Hotel Roma, Pierre Adrian (par Philippe Leuckx)
Hotel Roma, Pierre Adrian, Gallimard, août 2024, 190 page, 19,50 €
Edition: Gallimard
Un jeune écrivain de trente-trois ans, déjà expert de Pasolini, entre, avec ce beau récit, dans le compagnonnage d’un des écrivains majeurs de l’Italie du XXe, Cesare Pavese, qui s’est suicidé à l’Hotel Roma de Torino, le 27 août 1950.
Les amis de Pavese eussent aimé lire ce livre-témoignage, en hommage à cet écrivain, parti si tôt, doué comme peu, brillant romancier, magistral poète, talentueux traducteur de l’anglais, mais si fragile, si solitaire.

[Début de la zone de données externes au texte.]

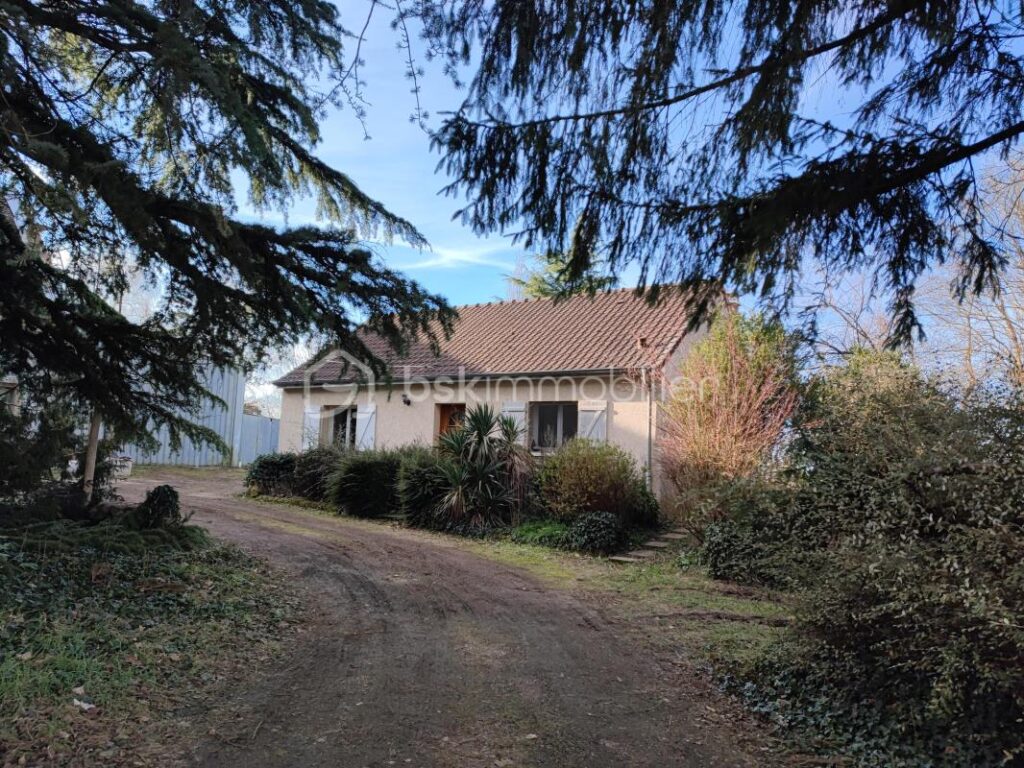 Pavillon de plain pied avec une grange de 210m²,un garage et un hangar sur 4827 m² de terrain – 3 pièces – 2 chambres – 60 m²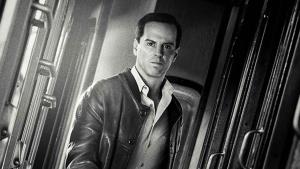 Chladnokrevný vrah Ripley lže a krade identity. Trailer Netflixu je naprostý skvost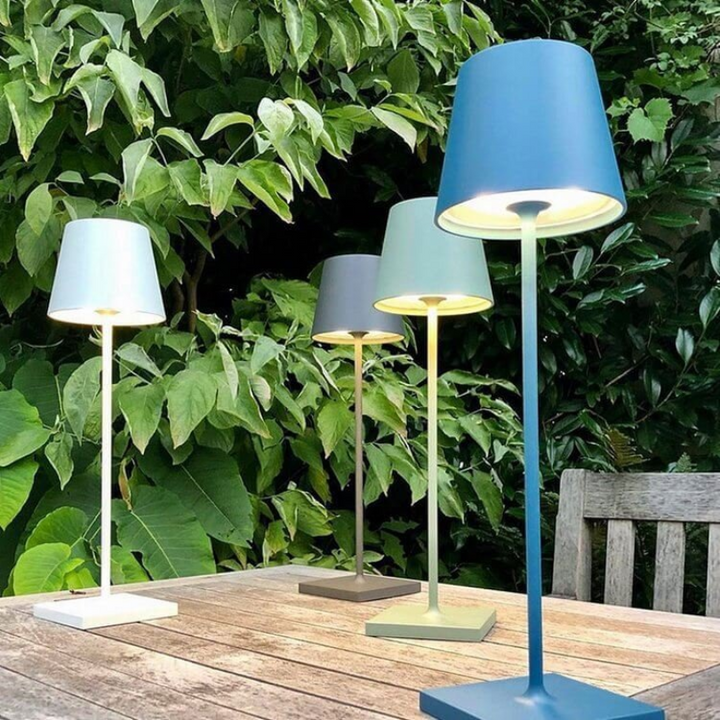 "Touch-sensitive LED-Tischlampe, kabellos, stilvolles Design, modernes Flair, in verschiedenen Farben verfügbar."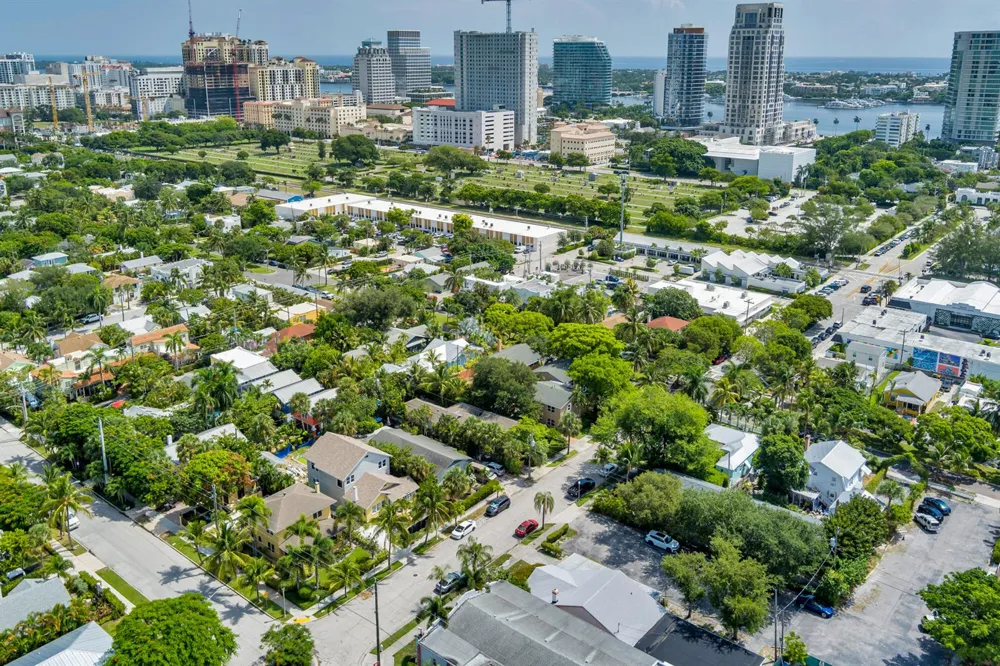 609 PALM STREET West Palm Beach, FL 33401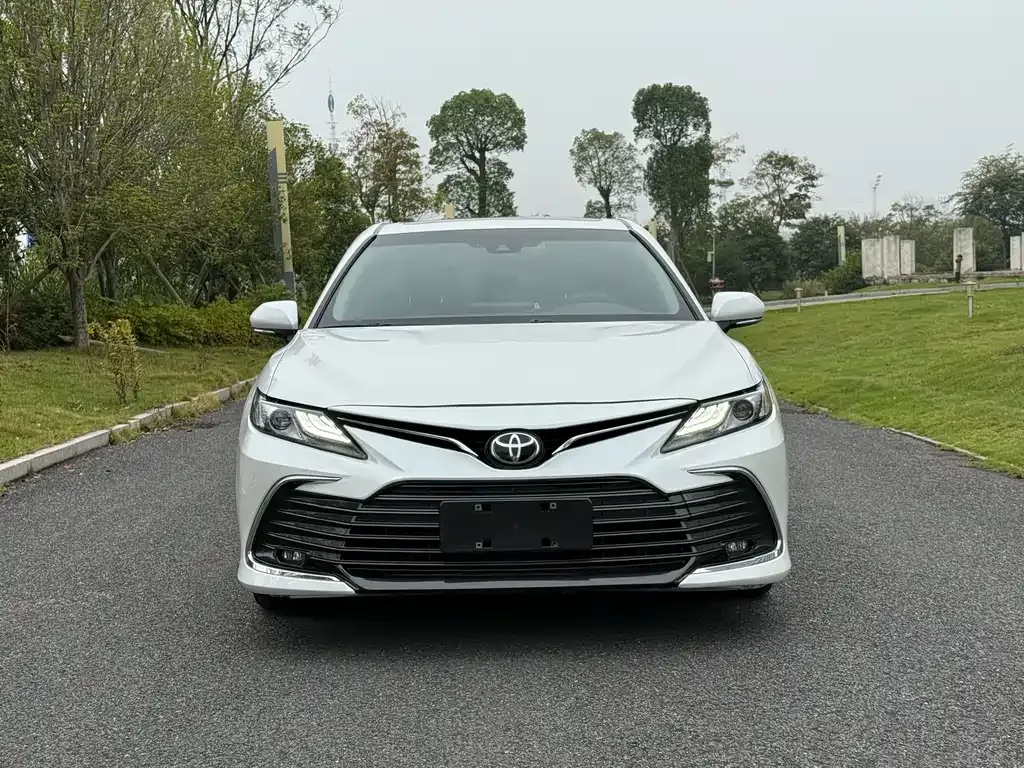 Toyota Camry 2021 из CN, фото 2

Adrian se met véritablement à la quête des dernières traces de Pavese, se rendant sur place, en compagnie de son amie « la fille à la peau mate », à Turin, dans le village natal de San Stefano Belbo, à Brancaleone de Calabre où Pavese fut « confinato » sous Mussolini, à Rome, rencontrant l’un des derniers amis vivants de Pavese, Franco Ferrarotti.
Se glissant dans les paysages, rues, chambres, maisons de l’auteur, Adrian en hume les atmosphères en décrivant au plus vif, au plus près les ambiances, les fins de journées, les bars où l’écrivain piémontais buvait du barbera.
Les descriptions si soucieuses sur les terres pavésiennes font entrer le lecteur au sein d’un univers, celui des dernières semaines de l’écrivain suicidaire. Se servant du journal Le Métier de vivre, partant de fragments des œuvres célèbres (Le Bel été ; La lune et les feux), avec l’aide de lettres de Pavese, Adrian restitue l’aura des derniers jours. On est sur les traces de Pavese, on partage ses moments de solitude, on est dans les rues avec lui, comme le dernier soir quand Cesare part dans Turin pour écumer les rédactions encore ouvertes.
Pavese ne fut guère doué en amours, et ses rencontres furent le plus souvent condamnées au gâchis. La cause de ses tourments est souvent évoquée dans Le Métier de vivre, son impuissance, sa difficulté à recevoir les « je t’aime » attendus. Défilent des amours passagères, Constance, Tina, Bianca, Pierina, tant d’autres.
Jusqu’à la fin, Pavese travailla à son œuvre, répondit au courrier, du moins jusqu’au 17 août où il laisse un message clair sur la fin de ses activités. Il n’écrira plus.
Pourtant, l’année 1950 fut celle de son Prix Strega, obtenu pour Le Bel été. Mais l’auteur n’est déjà plus là, ce n’est qu’une ombre, il ne dort plus, se nourrit de somnifères. La solitude est extrême et la dernière relation amoureuse un désastre.
Pavese va mourir seul, comme une bête, en cet août désertique : les amis sont en vacances ou le ratent de peu. Ce qu’il avait conçu comme destin pour Rosetta, qui se suicide dans Entre femmes seules, il va le vivre à l’Hotel Roma. On le retrouve, avec ses papiers en ordre, le manuscrit du Métier de vivre, et le témoignage inscrit sur une des pages de Dialogues avec Leuco, qu’il considérait comme son meilleur livre.
Adrian nous laisse là un bijou littéraire. Son livre, beau par son écriture, sa ferveur, son attachement à la réalité tangible de la mémoire et des ressources littéraires, est aussi une œuvre émouvante, dans les pas d’un géant fragilisé par la vie.
Philippe Leuckx
Pierre Adrian, né en 1991, auteur de La Piste Pasolini ; Les Bons Garçons. Il a obtenu le Prix des Deux Magots. Il vit à Rome.